Library Journal - Audio
04/01/2022
Sullivan (Stalin's Daughter) offers a fascinating overview of a six-year cold case investigation by FBI agent Vincent Pankoke and his amazing team of psychologists, criminologists, archivists, and forensic scientists, who aimed to definitively identify the person or people who in 1944 betrayed Anne Frank, her family, and four Dutch Jews to the Gestapo. Anne Frank's The Diary of a Young Girl has been read by more 30 million people, but it ends just before the eight people hiding in an attic in Amsterdam during World War II are discovered and sent to a concentration camp.
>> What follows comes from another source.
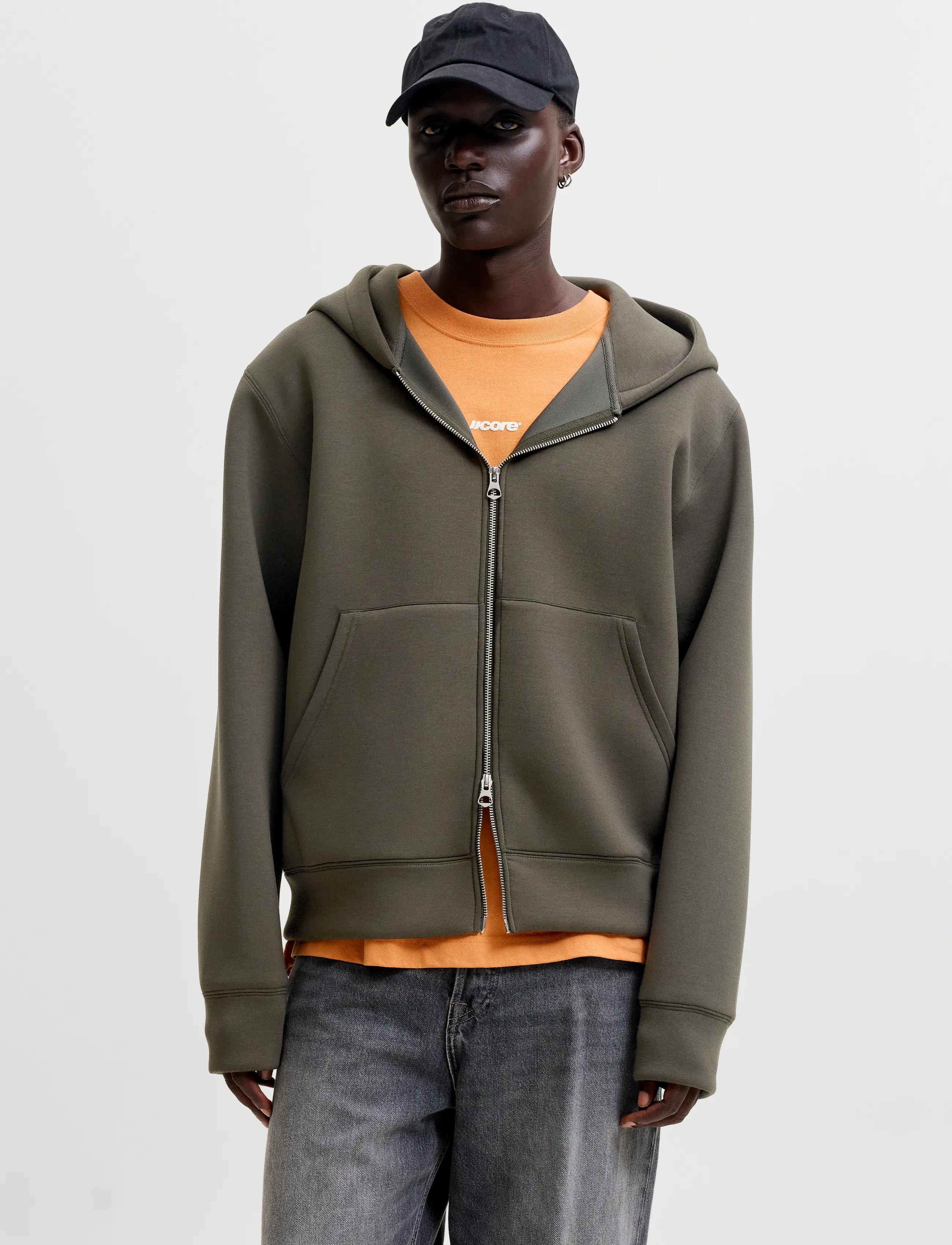 Jack & Jones JCOLEGACY SWEAT SCUBA ZIP HOOD NOOS - Kleidung - PEAT / khaki/green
Sullivan's excellent attempt to understand how eight people can go undetected for more than two years allows her to offer a vivid picture of Amsterdam, wartime, and the best and worst of the human heart. Julie Whelan's narration of the audiobook creates the tension necessary for listeners to get lost in the Franks' story—living in a time and place where it was difficult to know who to trust and where all actions had to be questioned. VERDICT A memorable cold case investigation that answers numerous nagging questions about how the Nazis discovered where Anne Frank and seven others were hiding during World War II.—Pam Kingsbury
From the Publisher
"Sullivan’s narrative, full of twists and turns and dead-end leads, commands attention at every page, dramatic without being sensational." — Kirkus Reviews (starred review)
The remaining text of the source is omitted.